The present study had some limitations. First, the number of subjects included was small. Second, this study was performed in healthy subjects who had normal gastric contractile function. In addition, we did not assess the actual serum GLP-1 concentrations enhanced by voglibose in these subjects.

This study was conducted in healthy, normoglycemic male subjects, which limited the extent to which the data can be extrapolated to patients with type 2 diabetes. As mentioned above, the pharmacokinetic and pharmacodynamic profiles of voglibose have been reported to be similar in healthy individuals and in those with type 2 diabetes.^(22,23) However, gastric emptying rates in the type 2 diabetes population have been reported to be delayed, unchanged, or accelerated.^(24–28) Determination of gastric emptying rates in healthy individuals might be advantageous for acquiring knowledge of the natural characteristics of pharmaceutical preparations in contrast to those of type 2 diabetics, who might exhibit increased heterogeneity in their rates of gastric emptying.

Treatment of type 2 diabetic patients is not only medication but also exercise therapy. Recently, interesting knowledge about the effect of exercise therapy on gastric emptying has been reported.⁽²⁹⁾ In clinical settings, we should evaluate comprehensively about gastric emptying of diabetic patients.

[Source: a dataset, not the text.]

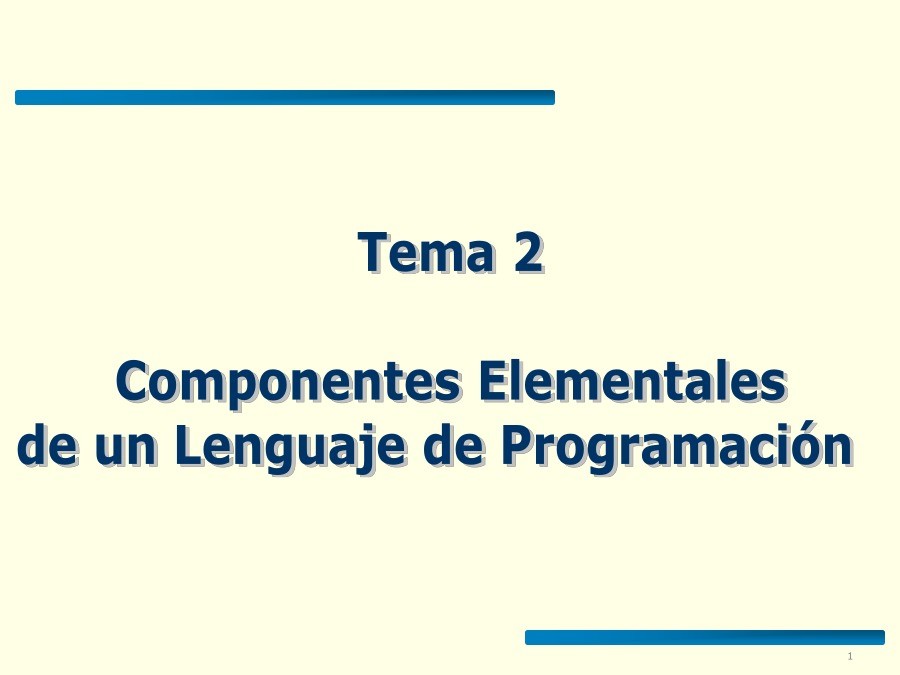Imágen de pdf Tema 2 - Componentes elementales de un lenguaje de programación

Finally, the results of this study might be beneficial for functional dyspepsia patients who often exhibit rapid gastric emptying. A recent study reported that rapid gastric emptying might be a more important factor than delayed gastric emptying in patients with functional dyspepsia.⁽³⁰⁾

In conclusion, voglibose significantly affected processing of a liquid meal in healthy individuals. Therefore, a deceleration of gastric emptying was observed in healthy volunteers that contributed to the mechanism of α-glucosidase inhibitors in this group.

Conflict of Interest

No potential conflict of interest were disclosed.